“The community has changed drastically,” says Bradley Garrett, author of Explore Everything: Place-hacking the City. “A lot of these kids are putting themselves at greater risk to gain credibility on social media channels. There have been an increased number of deaths in the urbex community worldwide in the past few years, and that’s gone hand-in-hand with the increased desire to publish these exploits on social media.” ... “Exploring the city gives you a chance to understand it in a different way,” Garrett tells me. “You are able to see the abandoned buildings, the infrastructural systems, the construction sites, all the things that comprise the city. There’s an addictive quality to it, because once you start going into these spaces and understanding the city in a different way, it’s very hard to fall back into normal rhythms.”

Garrett talks about the “personal sense of empowerment” urban exploration provides. “There’s a very particular kind of agency that comes from using the body to get into spaces that you’re not supposed to access,” he says, “and that translates very easily into a kind of politics.”

This breaking into closed-off spaces isn’t an explicitly political act – there is usually no attempt to change anything specific – but in an over-regulated, over-securitised world, it feels like a way of kicking against the system.

It’s also fraught with difficulty and danger. In 2012, Garrett and several fellow explorers were arrested and charged with conspiracy to commit criminal damage. “They didn’t have any evidence that we had committed any criminal damage, so they charged us with a thought crime,” he says. The case dragged on for two years, and he was eventually given a conditional discharge and ordered to pay costs of £2,000. 

“When I reflect on the whole process,” he says now, “I realise that the trauma we were subjected to was actually the point. What the British Transport police wanted to do was stop me from publishing photos [of the sites visited] and stop me from writing about this thing, because what we did undermined their narrative of security.” Garrett had demonstrated that the secret, impenetrable world was not so secret or impenetrable after all.

...

Jed Craine, a 27-year-old Londoner who says he has been an urban explorer since his early teens, gives me a somewhat less politicised view. He grew up near a closed Victorian asylum in south London, and used to enjoy sneaking in with his mates. As he got older, he added layers of planning to every operation. ... Craine is sceptical about the political dimension Garrett claims for urban exploration. “I mainly do it because it’s fun,” he says. “It’s no more politically motivated than any other hobby, except that the people who engage in it are more willing to break the law.”

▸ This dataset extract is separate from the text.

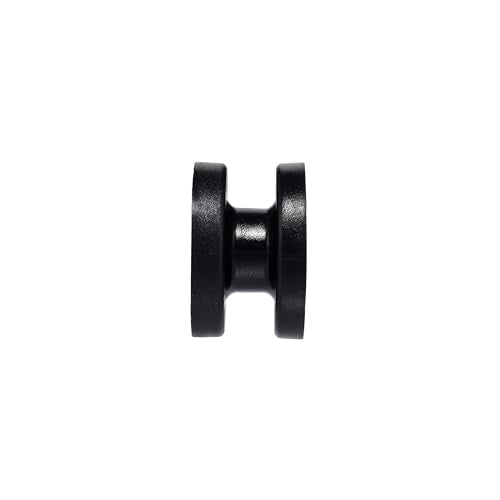 Donut Corner Post Electric Fence Insulators, Black, 20 | Polywire Insulator, For Electric Fence, Farm Fence - color: black, size: 20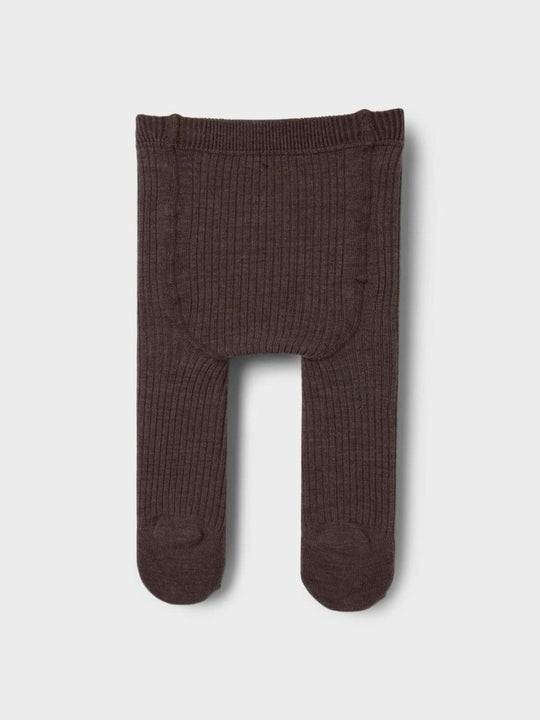 Lil' Atelier MINI RAKEL IBI PANTYHOSE WO/PO - Shitake | Torgunns Barneklær AS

In any case, he says, it is possible to see many of these locations on private tours – that is the whole idea of Open House, to give the public access to the usually inaccessible – but the urban explorer wants access on his own terms. If he or she does get access, they may well want to keep it to themselves.

“There are places people have accessed but they’ve never posted the photographs online, “ Craine says, “not only because the legal repercussions could be severe, but also because if anyone else knows those places are accessible that could heat the place up. Very few people are really trying to publicise these places.”

Craine goes exploring at least one night a week. He says construction sites are usually easy, but other locations are very tricky and need a lot of reconnaissance – and perhaps a few failed attempts – before you work out how to get in. He doesn’t like to go out in a group of more than three: any more would be too visible, too unwieldy.

Like Garrett, he is wary of the “new generation of kids” who explore in order to post pictures on Instagram and build up their online celebrity. “I don’t think they’re bothered about the challenge of getting into these places, or take an interest in the history of who built this tunnel and why. For them it’s: ‘Go in there, get this picture and leave.’ They just want to rack up likes and followers. Increasingly it’s more about the image, while the experience takes a back seat.”